*** Opening of DATA EXTRACTS ***

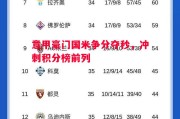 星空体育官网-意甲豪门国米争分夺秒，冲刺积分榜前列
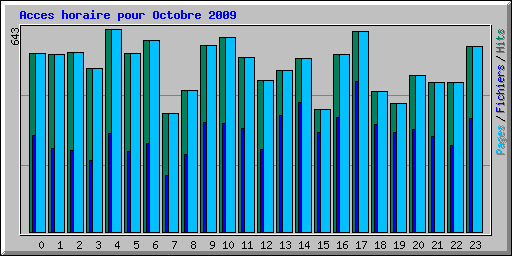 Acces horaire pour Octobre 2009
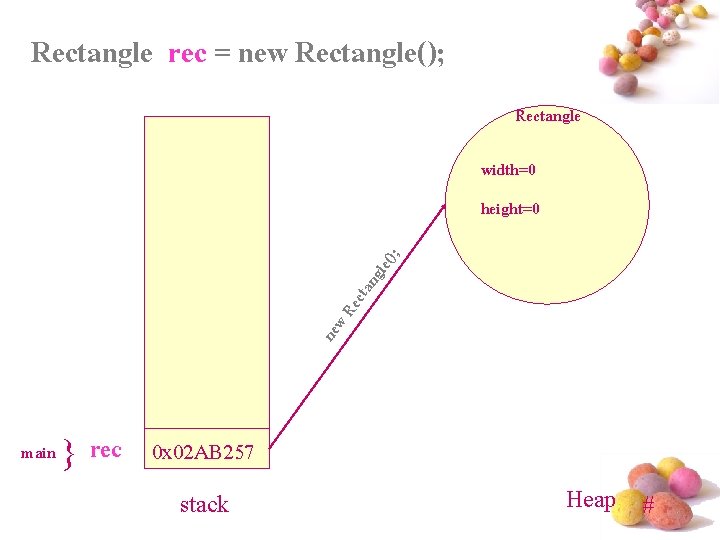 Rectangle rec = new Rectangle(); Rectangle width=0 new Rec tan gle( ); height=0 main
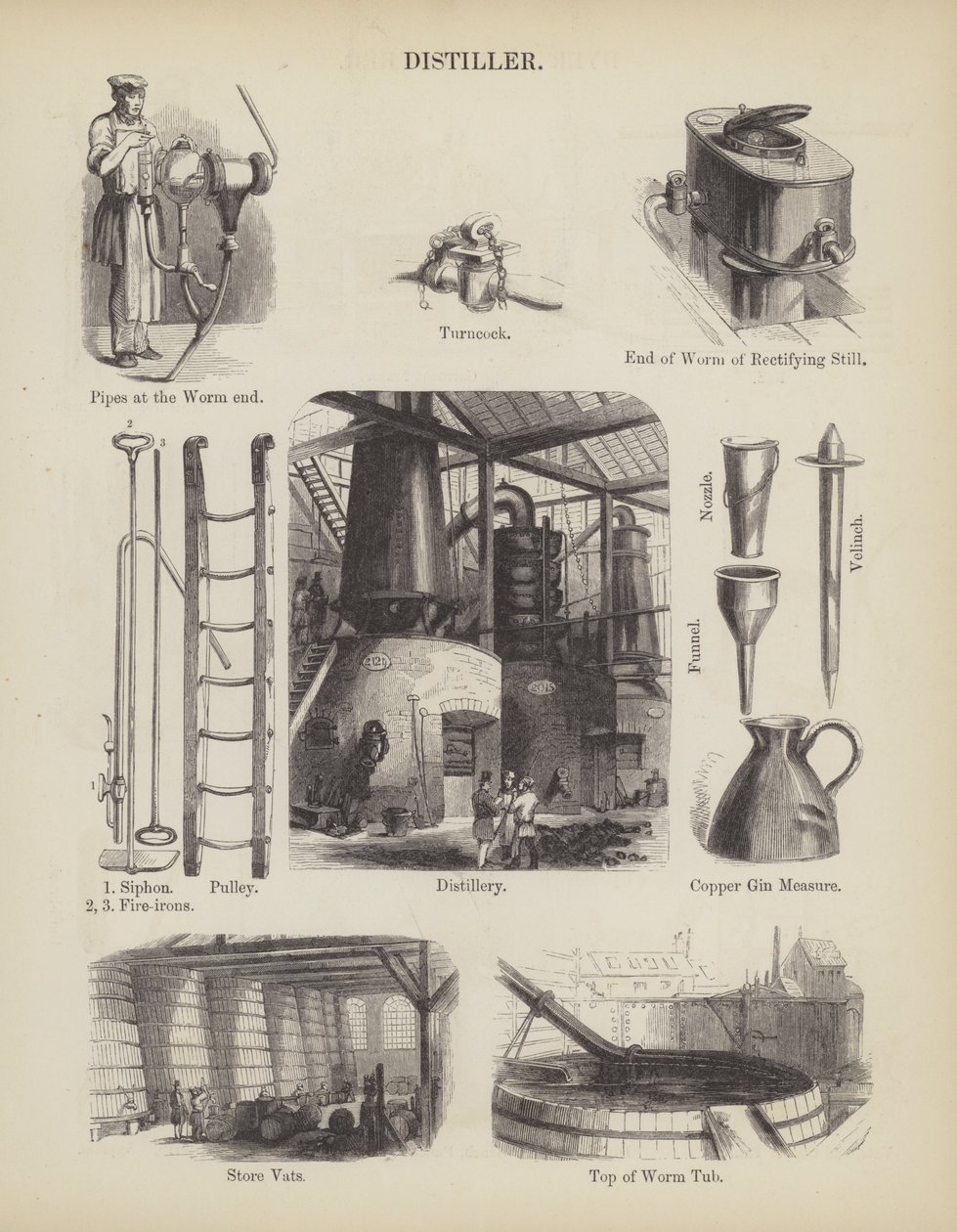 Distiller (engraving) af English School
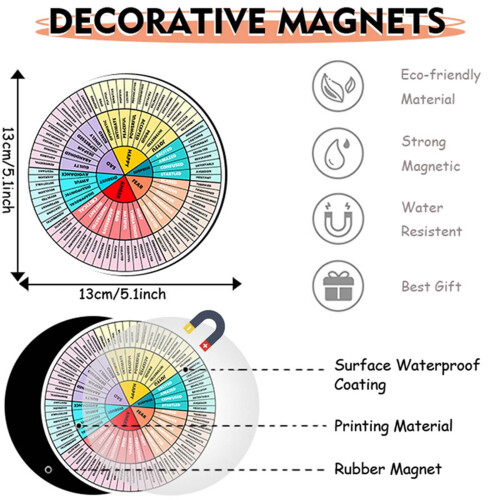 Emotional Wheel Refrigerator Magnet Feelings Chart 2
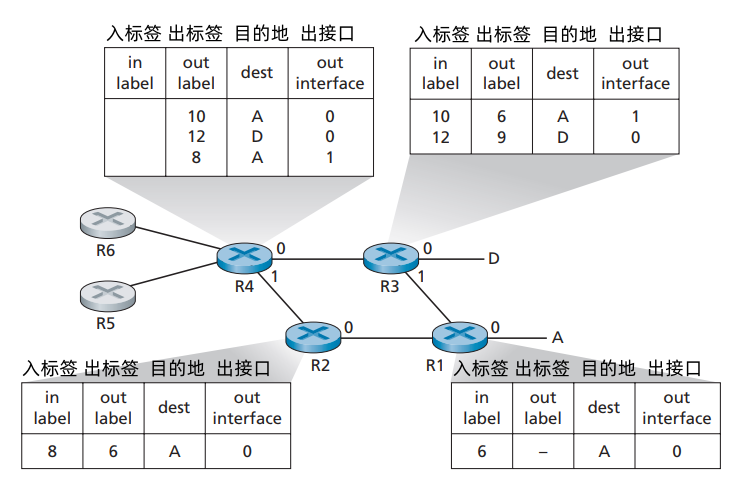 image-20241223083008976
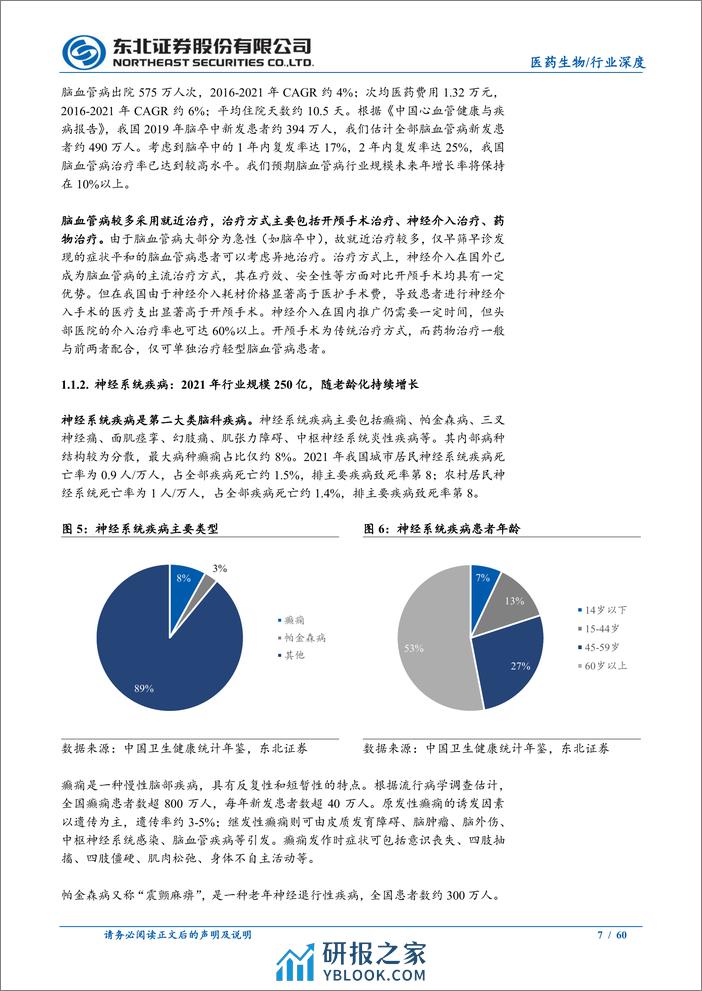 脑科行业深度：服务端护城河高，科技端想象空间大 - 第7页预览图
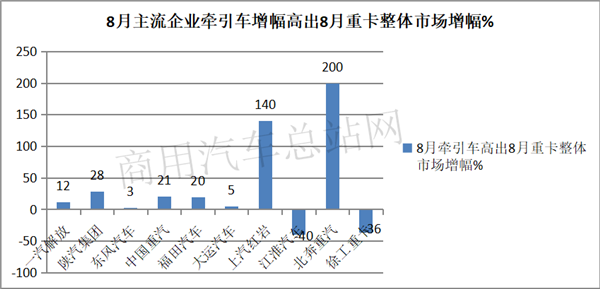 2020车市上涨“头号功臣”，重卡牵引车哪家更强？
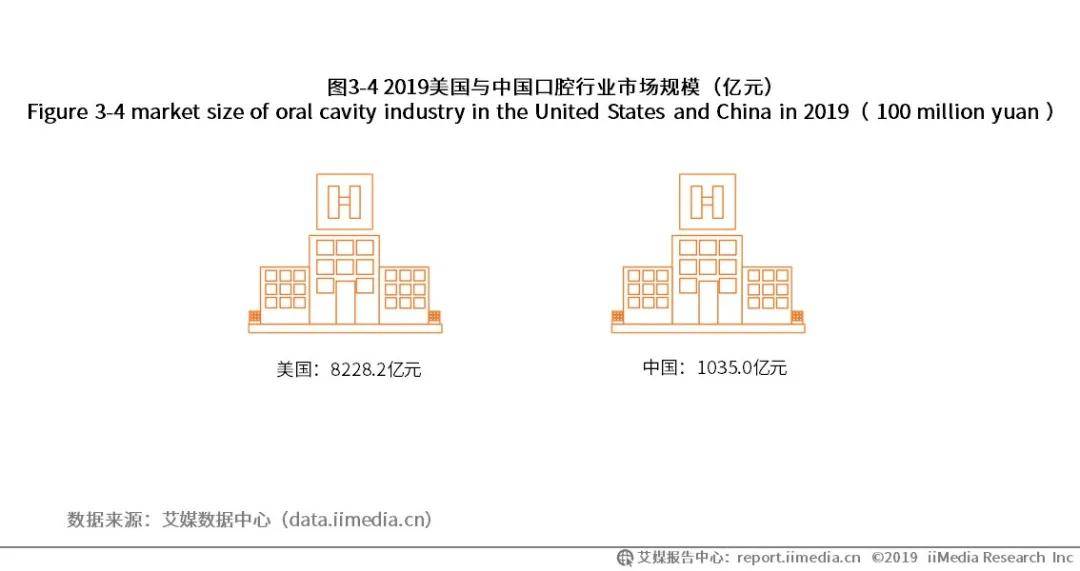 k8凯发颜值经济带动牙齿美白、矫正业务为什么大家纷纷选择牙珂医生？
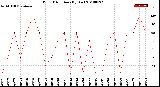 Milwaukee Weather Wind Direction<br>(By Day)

*** Close of DATA EXTRACTS ***
*** Opening of DATA EXTRACTS ***

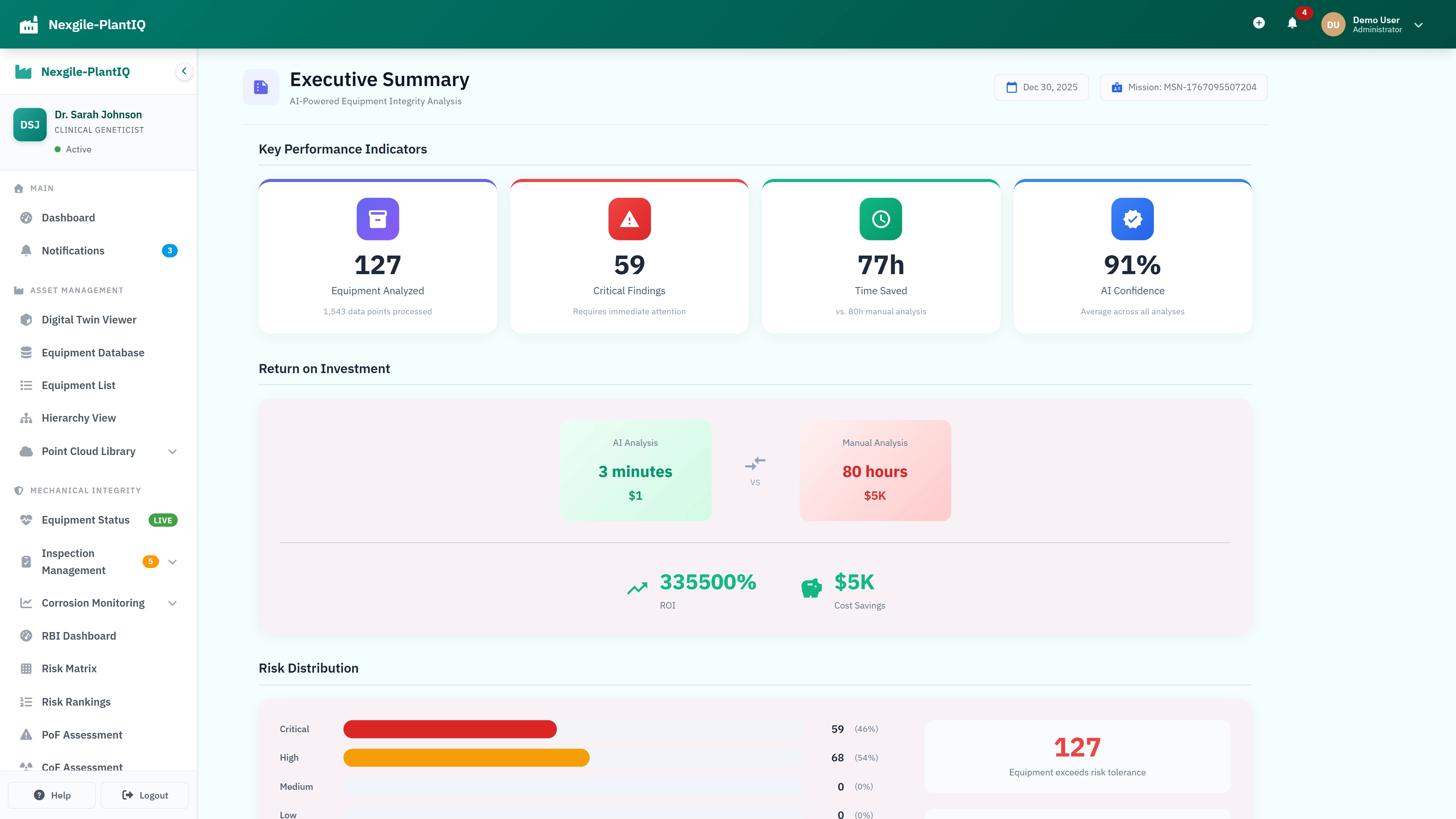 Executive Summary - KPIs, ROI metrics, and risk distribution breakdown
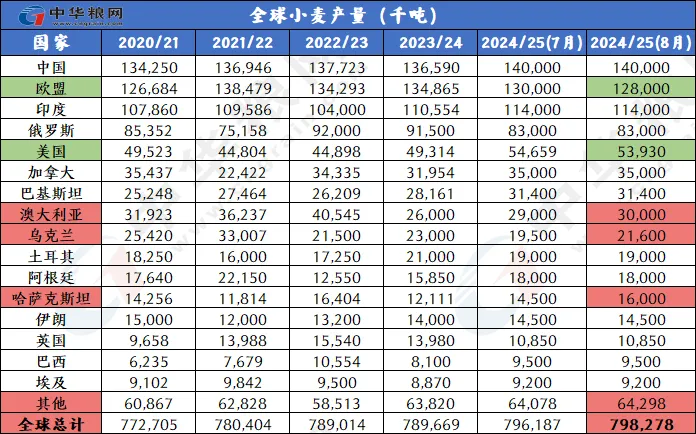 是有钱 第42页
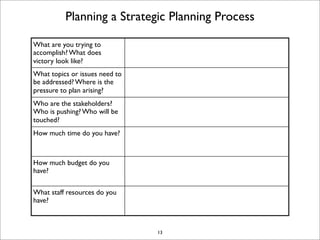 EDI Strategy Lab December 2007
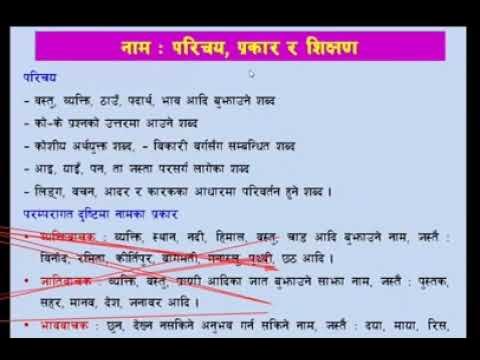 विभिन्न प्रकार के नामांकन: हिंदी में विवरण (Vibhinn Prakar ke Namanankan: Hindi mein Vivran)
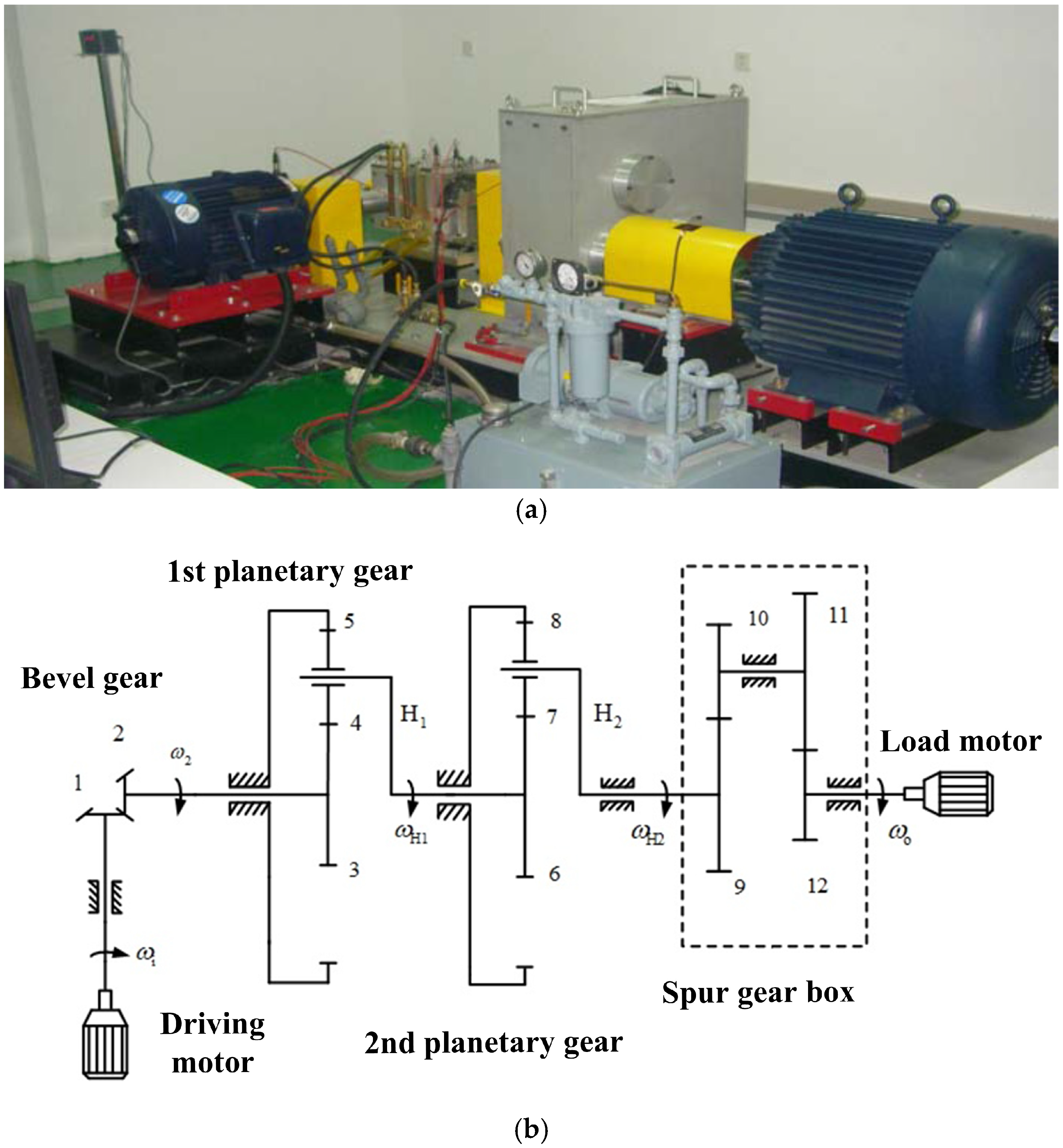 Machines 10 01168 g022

*** Close of DATA EXTRACTS ***

ABOUT THIS EXERCISE
Skip every picture, and restate word for word only the lines above from the line containing "星空体育官网-意甲豪门国米争分夺秒，冲刺积分榜前列" to the line containing "Milwaukee Weather Wind Direction<br>(By Day)", both of them included.

RESPONSE TO THIS EXERCISE
 星空体育官网-意甲豪门国米争分夺秒，冲刺积分榜前列
 Acces horaire pour Octobre 2009
 Rectangle rec = new Rectangle(); Rectangle width=0 new Rec tan gle( ); height=0 main
 Distiller (engraving) af English School
 Emotional Wheel Refrigerator Magnet Feelings Chart 2
 image-20241223083008976
 脑科行业深度：服务端护城河高，科技端想象空间大 - 第7页预览图
 2020车市上涨“头号功臣”，重卡牵引车哪家更强？
 k8凯发颜值经济带动牙齿美白、矫正业务为什么大家纷纷选择牙珂医生？
 Milwaukee Weather Wind Direction<br>(By Day)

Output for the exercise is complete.